§ **WHAT IS REQUIRED**:
Repeat exactly what runs from the line with "JW アンダーソン 2020年秋冬メンズコレクション" through the last line of the material, and keep the pictures out of it.
START DATA TO PROCESS
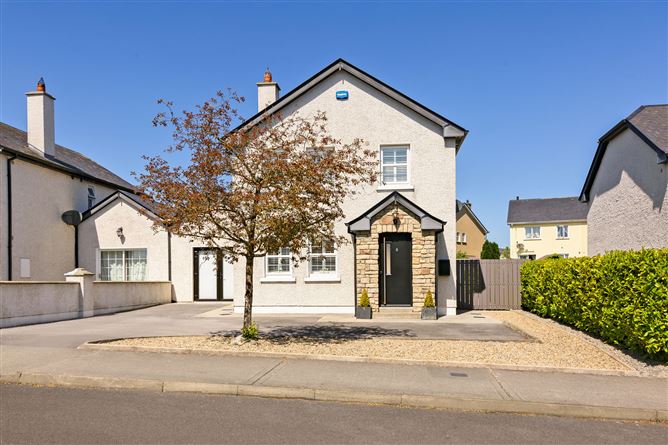 8 Woodstream, Coolaney, Co. Sligo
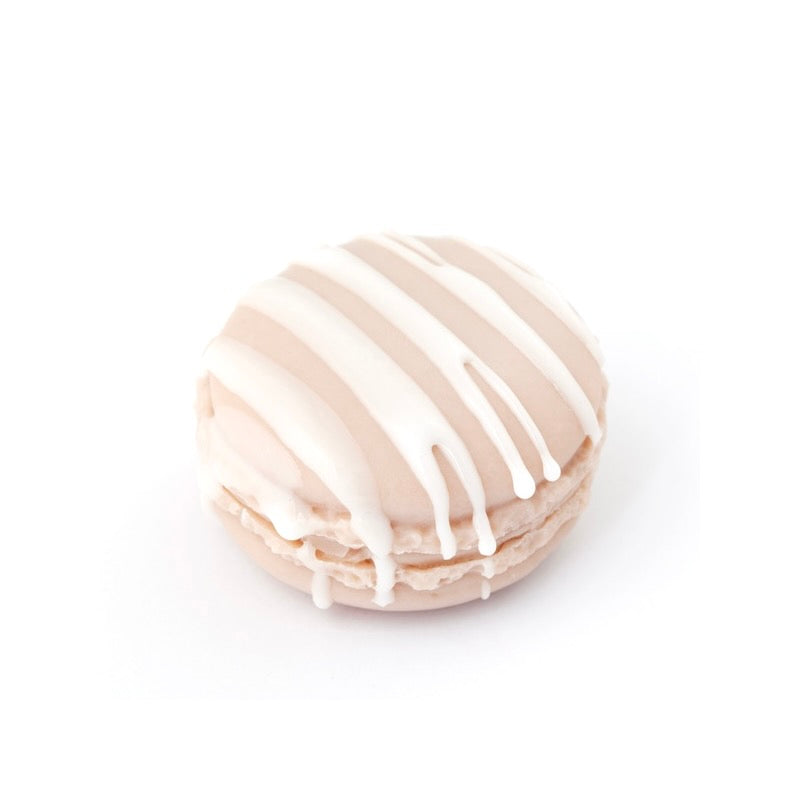 Madame Marchand Caramel et Beurre Macaron Soap | Putti Fine Furnishings 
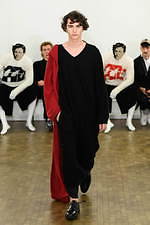 JW アンダーソン 2020年秋冬メンズコレクション - 芸術作品と捉えたファッションの新しい形｜写真51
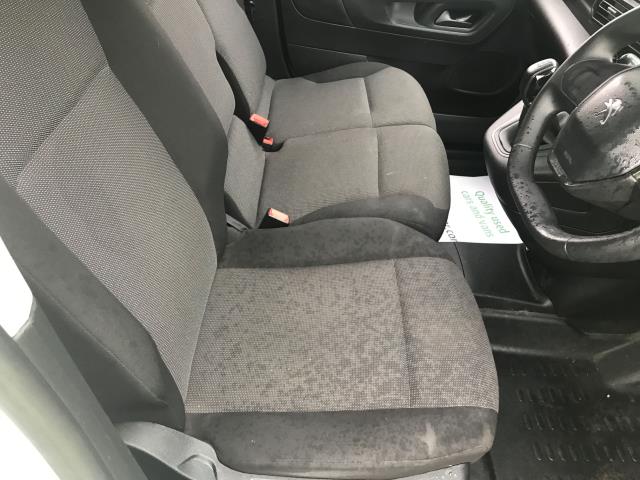 Used Peugeot Partner 2021 for sale - 77199036: Photo 13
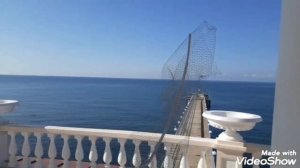 ШИКАРНАЯ СВАДЕБНАЯ АРКА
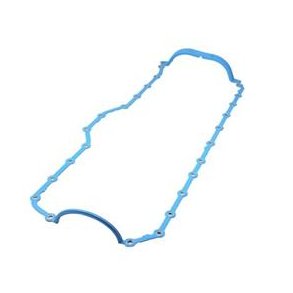 Bundkarpakning i gummi til AMC & Jeep 1964 til 1991 (Oil Pan Gaskets)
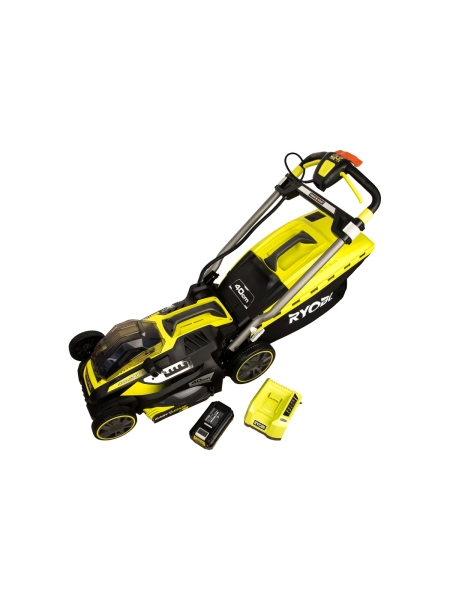 Аккумуляторная газонокосилка Ryobi MAX POWER RLM36X41H50P 5133002809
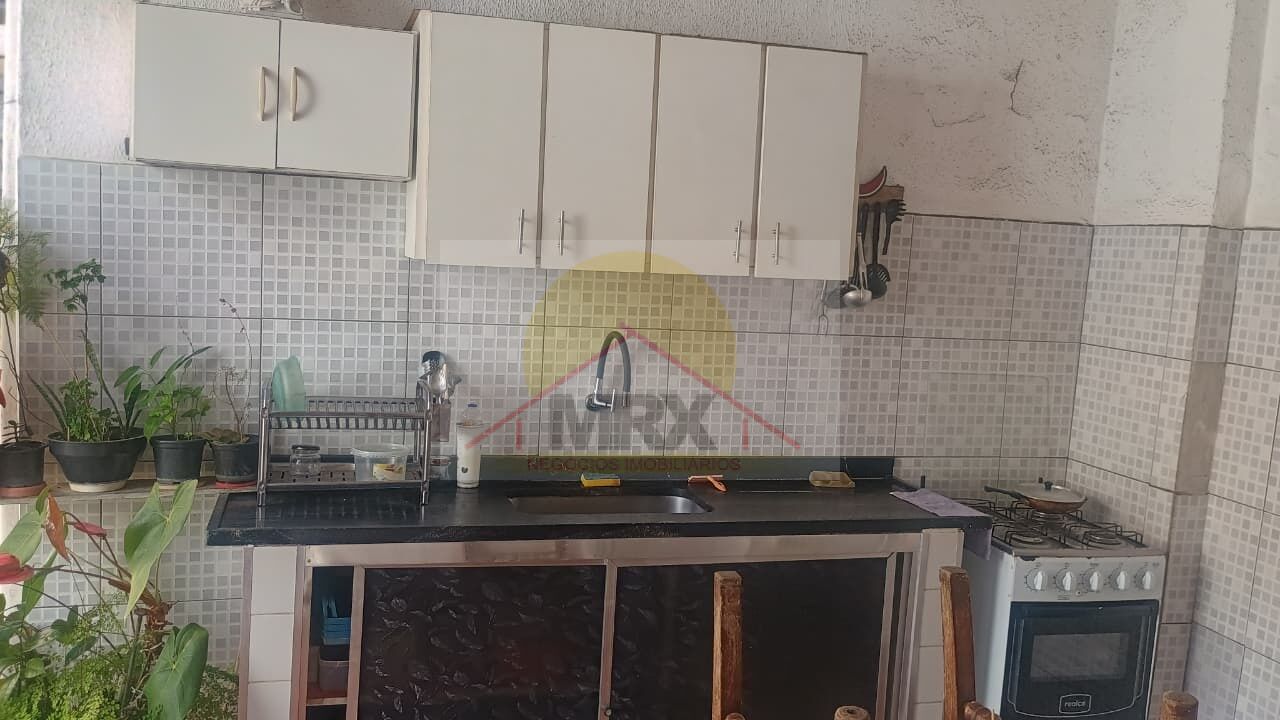 Casa, 3 quartos - Foto 5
END DATA TO PROCESS
§ **WRITTEN ANSWER**:
 JW アンダーソン 2020年秋冬メンズコレクション - 芸術作品と捉えたファッションの新しい形｜写真51
 Used Peugeot Partner 2021 for sale - 77199036: Photo 13
 ШИКАРНАЯ СВАДЕБНАЯ АРКА
 Bundkarpakning i gummi til AMC & Jeep 1964 til 1991 (Oil Pan Gaskets)
 Аккумуляторная газонокосилка Ryobi MAX POWER RLM36X41H50P 5133002809
 Casa, 3 quartos - Foto 5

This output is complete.